The thread tying these together is the same setup: an agent making decisions over time in an environment that gives back rewards. Once you have the framework, you have a vocabulary for thinking about all of them.
Common pitfalls
Section titled “Common pitfalls”- Treating RL as supervised learning with hidden labels. It is not. There is no “right answer” per state, only feedback on the actions tried. The algorithms that work assume this from the start.
- Thinking RL is only for games. Games are the cleanest demo. The framework is general; recommendation, robotics, control, and language alignment are all real applications.
- Mistaking the reward for an objective property of the world. Reward is a signal you design to express what you want. Bad reward design (rewards a robot for “moving fast” without penalizing crashes) produces agents that game the reward. Reward shaping is a serious engineering concern; the track will return to it.
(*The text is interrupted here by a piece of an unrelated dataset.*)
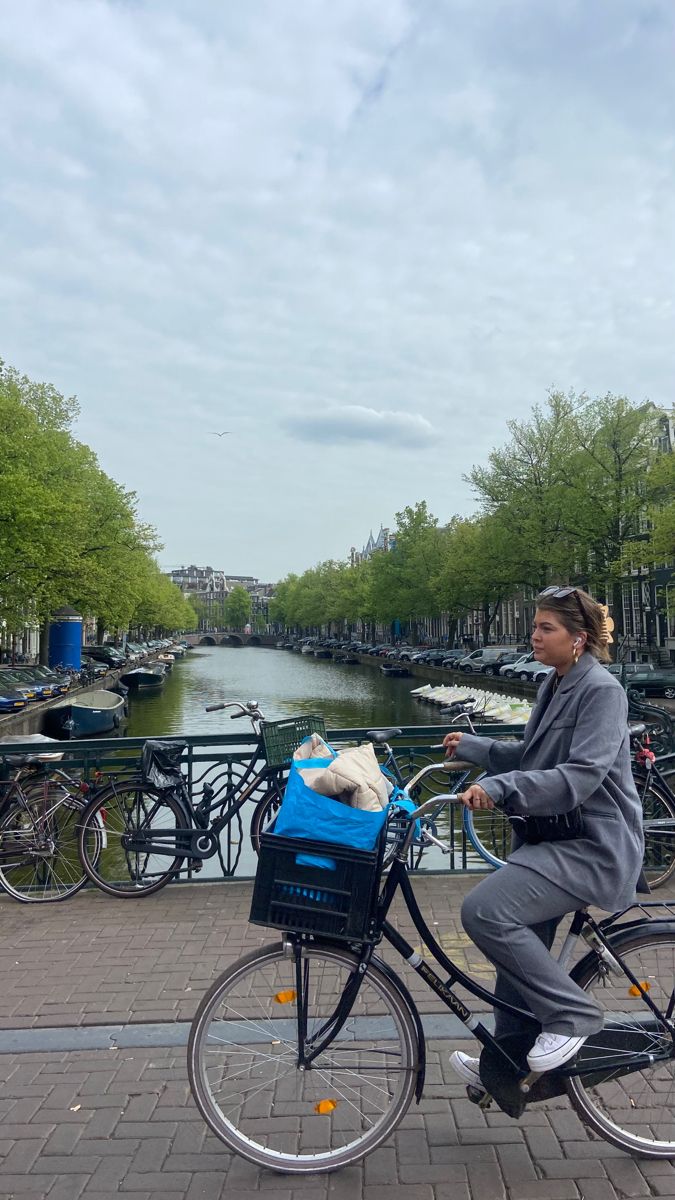 a woman riding a bike with a dog in the basket on the front and side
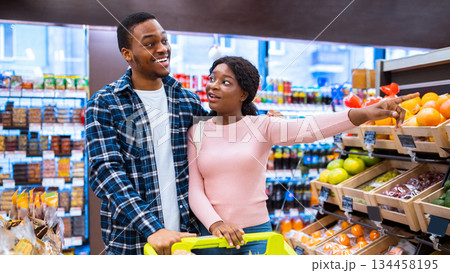 Shopping together is fun. Happy black couple choosing healthy food at fruits and veggies section of supermarket. Millennial African American family with trolley purchasing groceries at mall 134458195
- Equating exploration with randomness. Random action is one form of exploration, but the principled methods (covered later in the track) target uncertainty, picking actions whose values you most need to learn, not actions that are merely unpredictable.
- Underestimating the data-distribution shift. Because the data depends on the policy, supervised-learning intuitions about stable training datasets do not transfer. Algorithms in the track explicitly handle this.
What you should remember
Section titled “What you should remember”- Reinforcement learning is a third paradigm, sitting beside supervised and unsupervised learning, the one where an agent learns from interaction with consequences (no labels, only reward).
- The whole field is built on the agent-environment-reward loop: at each step the agent observes a state, takes an action, and receives a reward and a next state, choosing actions according to a policy to maximize total reward over time.
- RL is genuinely harder than supervised learning because there is no oracle action, rewards can be delayed (the credit-assignment problem), and the data distribution depends on the agent’s policy (it shifts as the agent learns).
- The central tension every RL method addresses is exploration vs exploitation: exploit what looks good now, explore what you have not tried enough to know, in some principled mix. This is the through-line of the track.
- RL underlies real systems from board games and Atari (AlphaGo, DQN) to robotics to recommendation to RLHF behind modern LLMs (lesson 10 will close that loop). The foundations here are what all of them assume.